Wie ist die Idee zu R-Cycle entstanden?

Die Idee ist bei Reifenhäuser entstanden. Wir entwickeln dort Technologien für besser zu recycelnde Verpackungen. Dabei stellte sich ein Grundproblem heraus: Was nützt es, wenn wir voll recyclingfähige Verpackungen entwickeln und unsere Kunden sie in den Markt bringen, die Verpackung am Ende aber trotzdem in der thermischen Verwertung landet. Im Abfallsortierprozess werden heute Verpackungen nur sehr begrenzt als recyclingfähig erkannt.

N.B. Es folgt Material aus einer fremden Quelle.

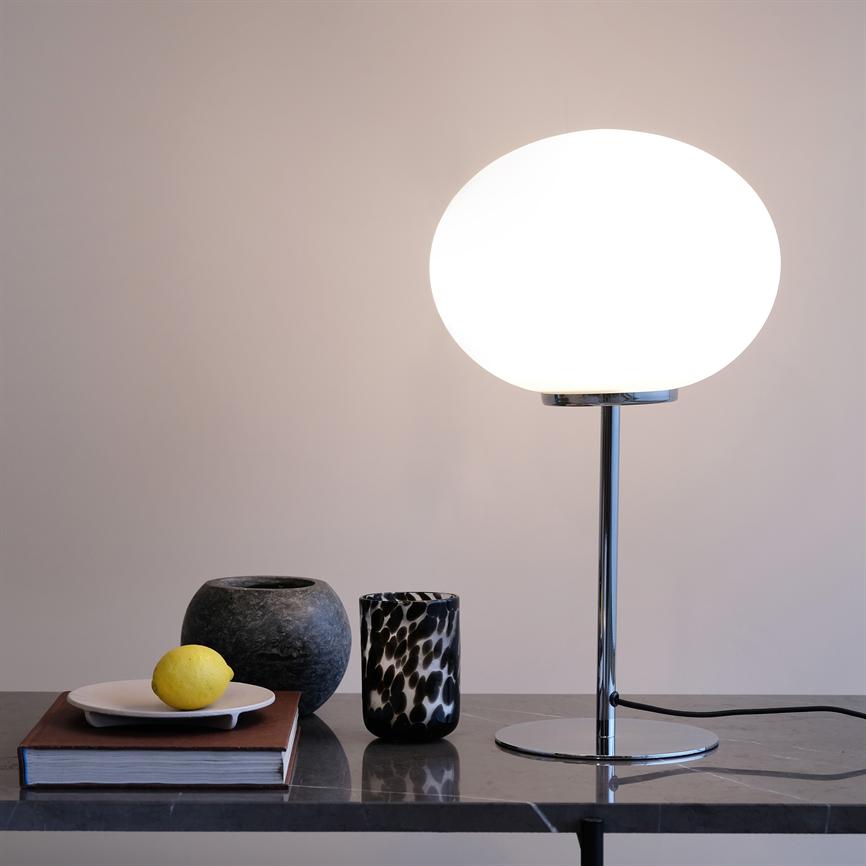 Bordlampe med rund, hvid glas-skærm lyser blødt på et marmorbord, flankeret af en bog med en tallerken og citron, en mørk stenurne og et sort-hvidt mønstret glas.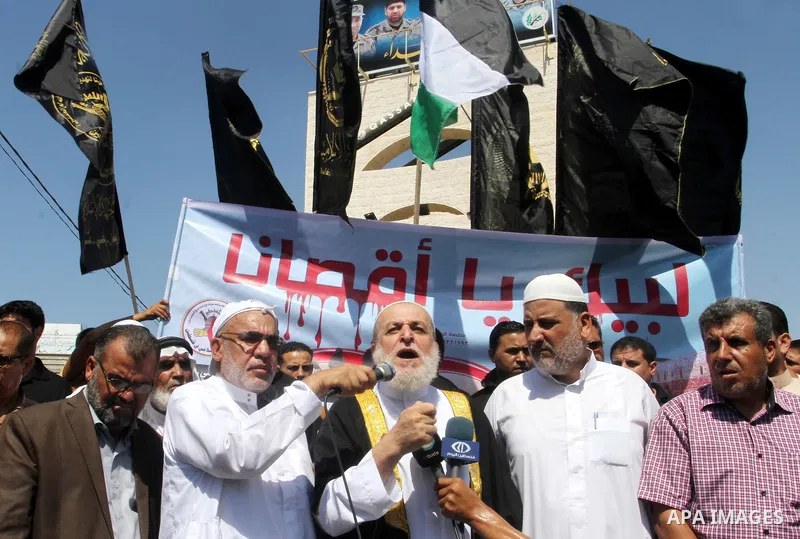 Palestinian Islamic Jihad supporters take part in a protest against the Israeli police raid on Jerusalem's al-Aqsa mosque on Tuesday, in Rafah in the southern Gaza Strip, September 18, 2015. Israel deployed hundreds of e...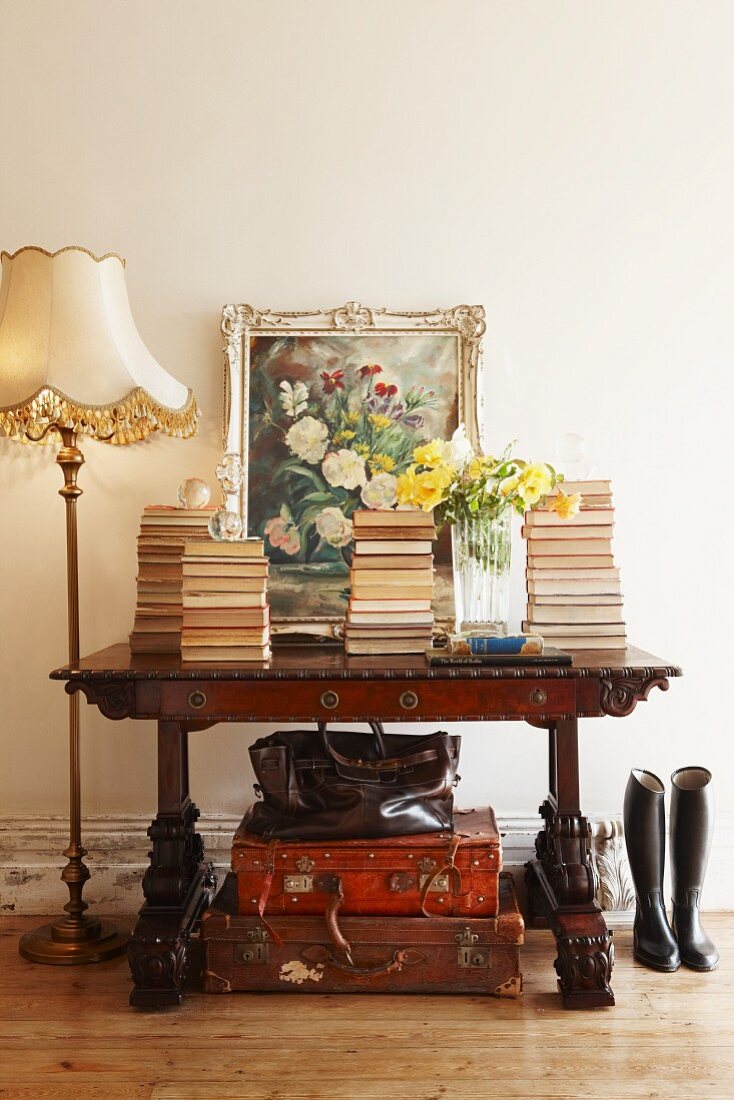 Antiker Schreibtisch mit Bücherstapeln und angelehntem Ölgemälde, darunter Lederkoffer, eine Biedermeier Stehlampe steht seitlich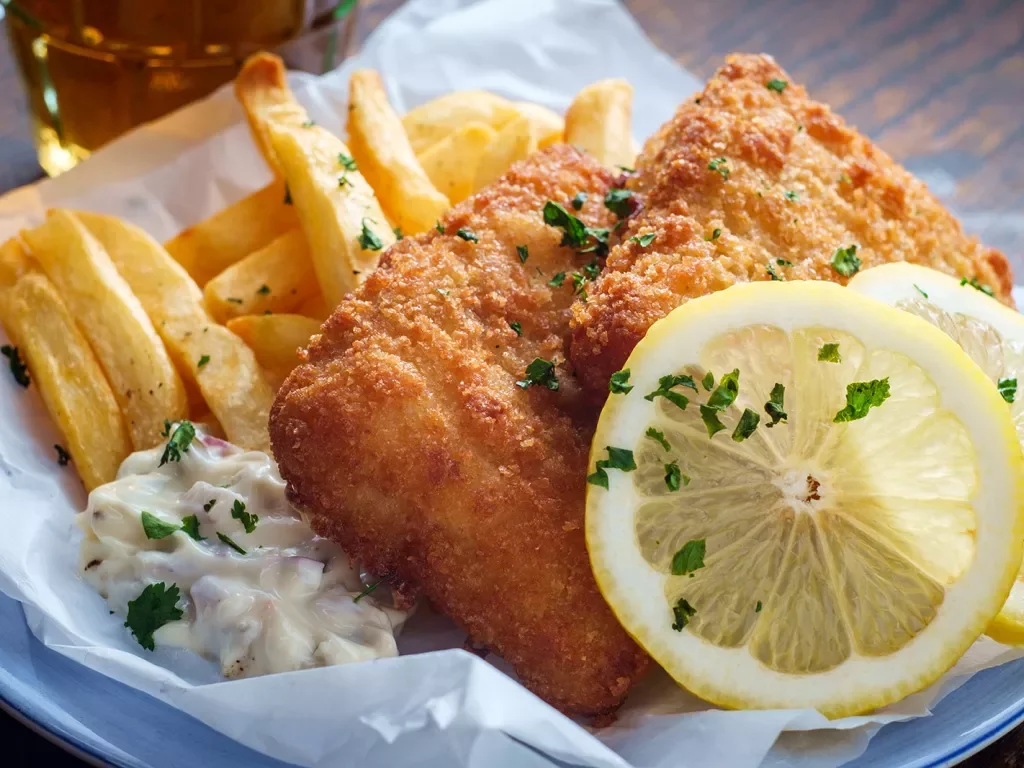 A plate of fish and chips with two slices of lemon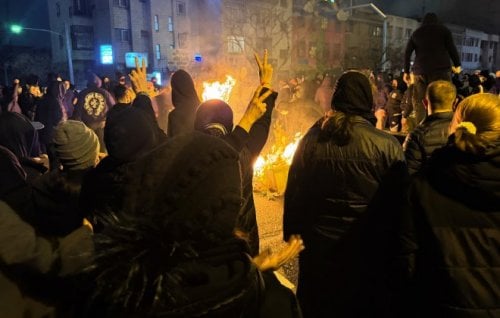 Iranians gather on the streets of Tehran.
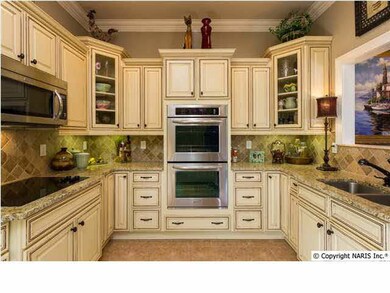 Efficient style meets inviting warmth in this beautiful kitchen featuring granite countertops, stainless steel appliances, hardwood floors and custom cabinetry.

Eine ausreichend präzise Sortierung findet nicht statt. Dabei liegen alle Informationen, die man für ein besseres Recycling benötigt, in unseren Maschinen und Anlagen vor. Wir nutzen sie bereits, um die Prozesse zu steuern. Warum sollte man diese Informationen nicht unternehmensübergreifend für das Recycling nutzen können? Mit diesen Informationen kann man Kunststoffabfall besser sortieren und höhere Rezyklat-Qualitäten erzielen. Diese recycling-relevanten Informationen sollten jedem Produkt mitgegeben werden. Das war der Anfang von R-Cycle. 

Welche Pilotprojekte gibt es schon?

Wir haben zum Beispiel mit Exxon Mobil Rohstoffsäcke hergestellt, die wir immer im Kreis gefahren haben. Das heißt sie wurden produziert und direkt wieder recycelt. Dank des digitalen Produktpass von R-Cycle konnten die recycling-relevanten Verpackungseigenschaften im Recyclingprozess ausgelesen werden. Diese Informationen ermöglichen es, gebrauchte Säcke gezielt als Rohstoff dem Recyclingprozess zuzuführen. Unser Partner Brückner Maschinenbau hat mit weiteren Partnern eine Chipstüte produziert, die aus einer Folie mit Metallbeschichtung besteht und dennoch voll recyclingfähig ist. Am Ende wurde aus dem Rezyklat wieder eine Folie. Das sind zwei von vielen Beispielen, die zeigen, wie der Einsatz des digitalen Produktpass ein datenbasiertes Sortieren und Recyceln ermöglicht. Die Einsatzmöglichkeiten sind dabei nicht nur auf Verpackungen beschränkt. Für ein Projekt mit der Gesellschaft für Internationale Zusammenarbeit (GIZ) und dem chinesischen Agrarministerium haben wir Agrarfolie produziert, die einen digitalen Produktpass hat. Es wird gescannt, welcher Bauer auf welchem Feld welche Folie aufbringt. Beim Einsammeln wird auch wieder gescannt und man kann eine Mengenbilanz erstellen: Wieviel Folie wurde ausgebracht, wie viel wurde eingesammelt? Somit kann sichergestellt werden, dass die gesamte Folie wieder eingesammelt und recycelt wird. 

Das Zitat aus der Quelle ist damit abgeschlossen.